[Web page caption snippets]
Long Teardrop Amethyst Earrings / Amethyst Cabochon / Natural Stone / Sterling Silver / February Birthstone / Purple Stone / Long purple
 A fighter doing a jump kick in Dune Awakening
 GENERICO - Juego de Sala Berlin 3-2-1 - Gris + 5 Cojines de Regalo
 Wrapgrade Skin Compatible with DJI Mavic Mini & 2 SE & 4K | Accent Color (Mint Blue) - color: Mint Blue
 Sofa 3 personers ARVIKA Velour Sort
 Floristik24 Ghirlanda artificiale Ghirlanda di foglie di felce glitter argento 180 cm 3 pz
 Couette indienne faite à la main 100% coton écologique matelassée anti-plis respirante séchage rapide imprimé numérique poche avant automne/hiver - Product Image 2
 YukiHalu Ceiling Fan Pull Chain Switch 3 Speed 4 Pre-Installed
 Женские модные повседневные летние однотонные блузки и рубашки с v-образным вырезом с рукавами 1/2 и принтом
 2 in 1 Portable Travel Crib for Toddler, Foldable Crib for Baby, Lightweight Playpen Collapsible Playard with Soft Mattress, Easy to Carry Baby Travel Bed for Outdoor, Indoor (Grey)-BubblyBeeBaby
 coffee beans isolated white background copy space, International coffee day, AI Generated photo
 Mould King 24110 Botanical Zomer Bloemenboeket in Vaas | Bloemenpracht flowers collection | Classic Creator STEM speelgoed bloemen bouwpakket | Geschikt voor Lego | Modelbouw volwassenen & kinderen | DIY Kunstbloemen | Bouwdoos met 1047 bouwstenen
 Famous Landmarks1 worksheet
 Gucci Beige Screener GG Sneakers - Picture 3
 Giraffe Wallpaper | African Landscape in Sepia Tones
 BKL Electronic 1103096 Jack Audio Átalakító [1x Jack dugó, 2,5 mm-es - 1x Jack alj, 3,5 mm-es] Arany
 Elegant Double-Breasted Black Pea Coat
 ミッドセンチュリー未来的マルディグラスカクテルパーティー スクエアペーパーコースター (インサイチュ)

▶ **What to work on**:
Repeat the data precisely, line by line.

▶ **Response box**:
Long Teardrop Amethyst Earrings / Amethyst Cabochon / Natural Stone / Sterling Silver / February Birthstone / Purple Stone / Long purple
 A fighter doing a jump kick in Dune Awakening
 GENERICO - Juego de Sala Berlin 3-2-1 - Gris + 5 Cojines de Regalo
 Wrapgrade Skin Compatible with DJI Mavic Mini & 2 SE & 4K | Accent Color (Mint Blue) - color: Mint Blue
 Sofa 3 personers ARVIKA Velour Sort
 Floristik24 Ghirlanda artificiale Ghirlanda di foglie di felce glitter argento 180 cm 3 pz
 Couette indienne faite à la main 100% coton écologique matelassée anti-plis respirante séchage rapide imprimé numérique poche avant automne/hiver - Product Image 2
 YukiHalu Ceiling Fan Pull Chain Switch 3 Speed 4 Pre-Installed
 Женские модные повседневные летние однотонные блузки и рубашки с v-образным вырезом с рукавами 1/2 и принтом
 2 in 1 Portable Travel Crib for Toddler, Foldable Crib for Baby, Lightweight Playpen Collapsible Playard with Soft Mattress, Easy to Carry Baby Travel Bed for Outdoor, Indoor (Grey)-BubblyBeeBaby
 coffee beans isolated white background copy space, International coffee day, AI Generated photo
 Mould King 24110 Botanical Zomer Bloemenboeket in Vaas | Bloemenpracht flowers collection | Classic Creator STEM speelgoed bloemen bouwpakket | Geschikt voor Lego | Modelbouw volwassenen & kinderen | DIY Kunstbloemen | Bouwdoos met 1047 bouwstenen
 Famous Landmarks1 worksheet
 Gucci Beige Screener GG Sneakers - Picture 3
 Giraffe Wallpaper | African Landscape in Sepia Tones
 BKL Electronic 1103096 Jack Audio Átalakító [1x Jack dugó, 2,5 mm-es - 1x Jack alj, 3,5 mm-es] Arany
 Elegant Double-Breasted Black Pea Coat
 ミッドセンチュリー未来的マルディグラスカクテルパーティー スクエアペーパーコースター (インサイチュ)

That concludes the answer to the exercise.